What you should do
Output exactly the lines from the line that has "Manga-lc-com อ่านมังงะ อ่านการ์ตูน" through the last line of the data below, with no pictures.
*** Opening Available data ***
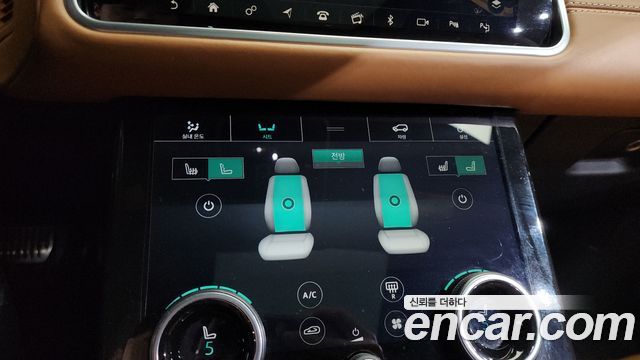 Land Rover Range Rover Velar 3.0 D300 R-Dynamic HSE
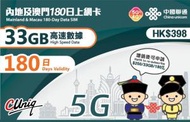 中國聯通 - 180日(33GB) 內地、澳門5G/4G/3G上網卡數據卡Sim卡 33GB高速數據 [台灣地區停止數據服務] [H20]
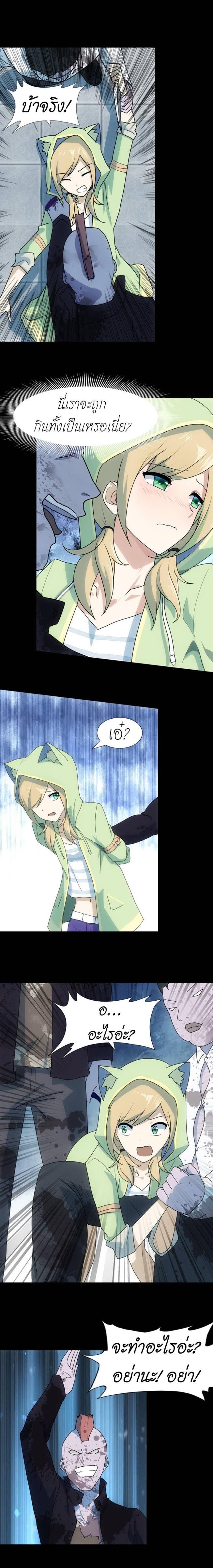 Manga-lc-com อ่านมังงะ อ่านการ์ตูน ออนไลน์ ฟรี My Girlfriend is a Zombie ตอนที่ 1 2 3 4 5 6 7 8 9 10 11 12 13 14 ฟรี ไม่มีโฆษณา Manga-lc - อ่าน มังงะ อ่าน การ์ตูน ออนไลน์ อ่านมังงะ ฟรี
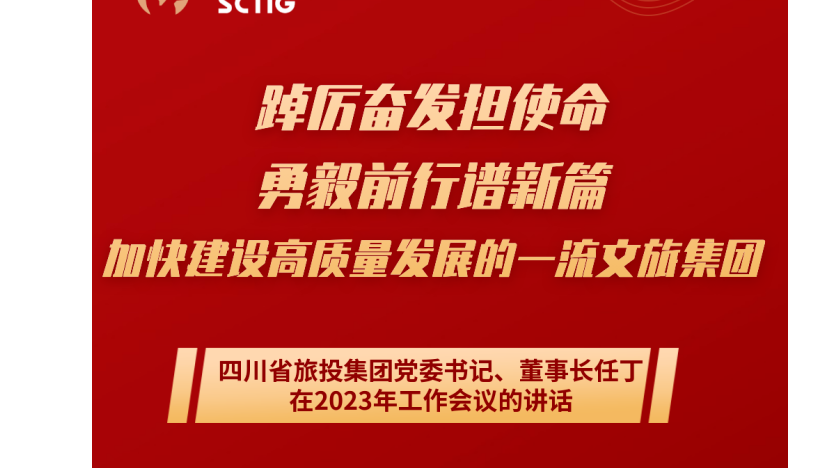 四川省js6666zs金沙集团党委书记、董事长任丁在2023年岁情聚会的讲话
*** Closing Available data ***
Solution for this problem
 Manga-lc-com อ่านมังงะ อ่านการ์ตูน ออนไลน์ ฟรี My Girlfriend is a Zombie ตอนที่ 1 2 3 4 5 6 7 8 9 10 11 12 13 14 ฟรี ไม่มีโฆษณา Manga-lc - อ่าน มังงะ อ่าน การ์ตูน ออนไลน์ อ่านมังงะ ฟรี
 四川省js6666zs金沙集团党委书记、董事长任丁在2023年岁情聚会的讲话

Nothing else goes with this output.